Lift production has a broad impact on the air’s velocity and pressure as it comes in contact with the airfoil. There is a higher-pressure area below, a lower-pressure area above, and particles of air are accelerated and decelerated. Then, after the airfoil passes, velocity and pressure return to ambient. In other words, the science behind what actually happens when an airfoil generates lift is vastly more complicated than Bernoulli and Newton had tools to understand. Although the fluid dynamics field has made great advances, there are still minor details about lift production and the host of variables presented that elude the mathematicians.
For our purposes, few of those final details matter. What does matter is for us to understand that lift is produced by the complex interactions of a fluid (air) as it impacts solid objects (airfoils) or, if you prefer, vice versa. These interactions result in variable, dynamic combinations of pressure changes and downward-flowing air that produces lift.
THE SKY SUCKS
Several pearls of wisdom disguised as witty sayings have stuck with me from a test-preparation course I took when studying for the commercial and flight instructor written exams. One of them, referencing Bernoulli, is, “The sky sucks.” Another is, “If you have enough power, you can fly a brick.” The latter also highlights that this discussion of lift presumes a constant angle of attack and steady airspeed. In the real world, these values rarely are constant for very long and in any case depend heavily on how much power is both available and applied. The sidebar on the opposite page touches on power’s relationship to lift generation, which is itself another topic.
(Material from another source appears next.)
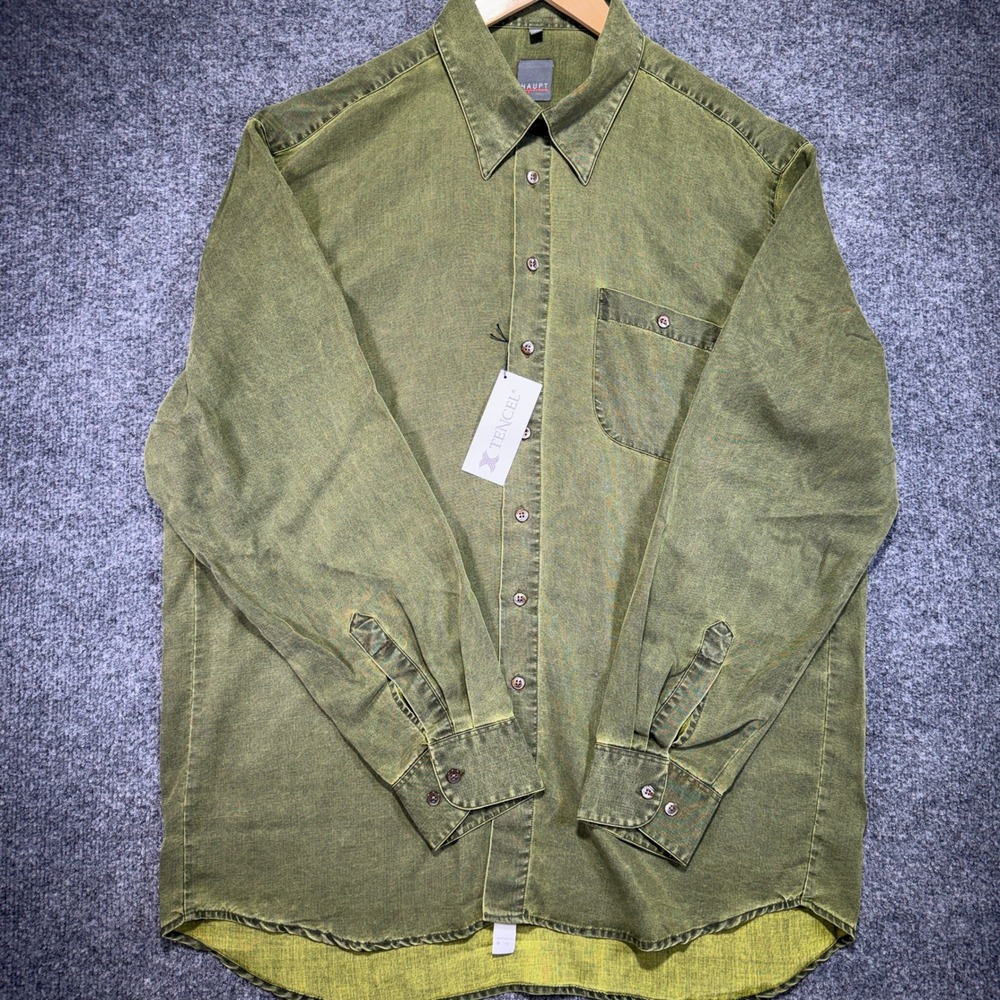 Haupt Tencel Shirt Mens XL Olive Green Lyocell Long Sleeve Collared Pocket NEW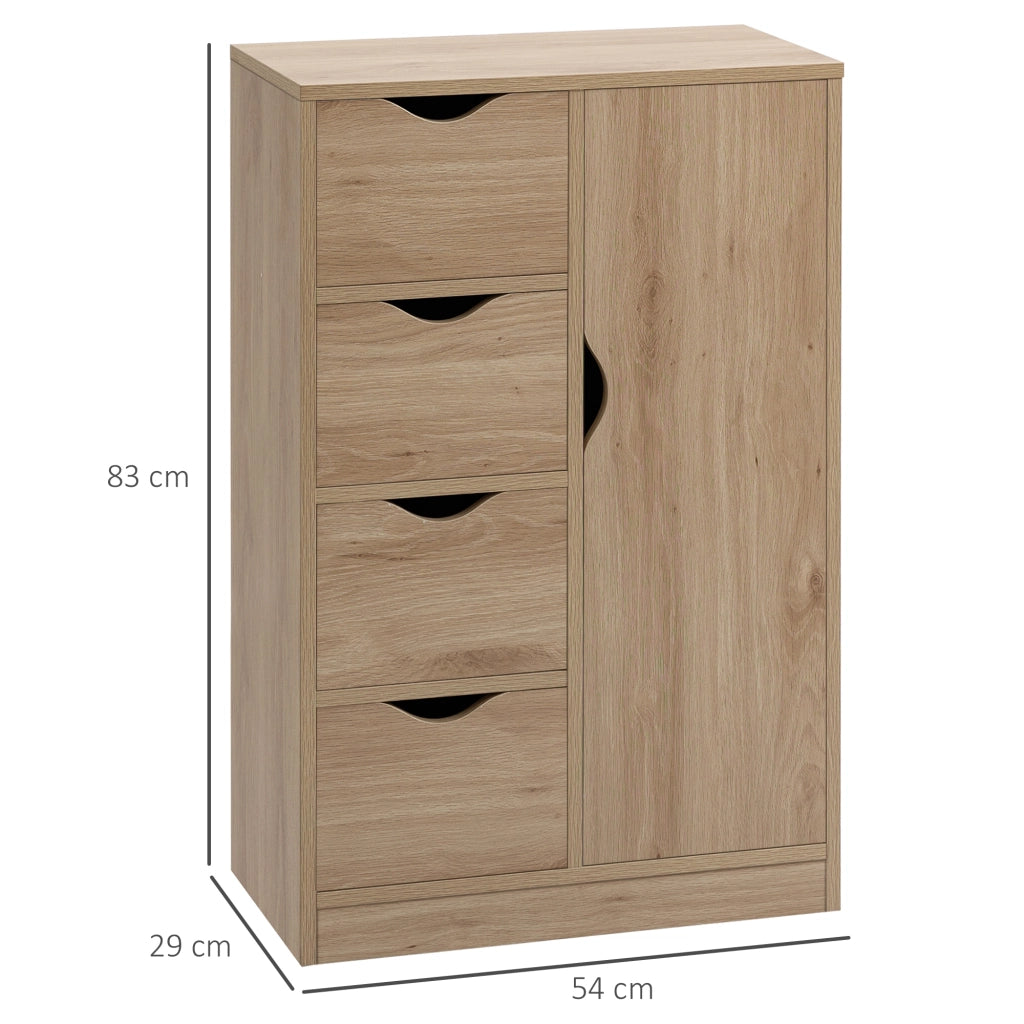 Mobile Bagno con 4 Cassetti, Armadietto a 2 Livelli e Maniglie Ritagliate, in Truciolato, 54x29x83 cm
There are many subtopics of lift generation that are not addressed by this article, perhaps most notably how pressure differentials are distributed above and below the wing, and how their centers may move. When the centers of pressure move, so must the airplane’s attitude change, and vice versa. In part and for a given wing, these pressure differentials depend on angle of attack and airspeed, and remain important topics for understanding lift.
The punchline to all this is fairly simple: Generating lift is a complicated, dynamic process that depends on a handful of physical laws regarding pressure and force. While those laws are well-understood, their application can leave us with gaps in our understanding that are difficult to fill without embracing the interactions they define, which are themselves dependent on those same physical laws.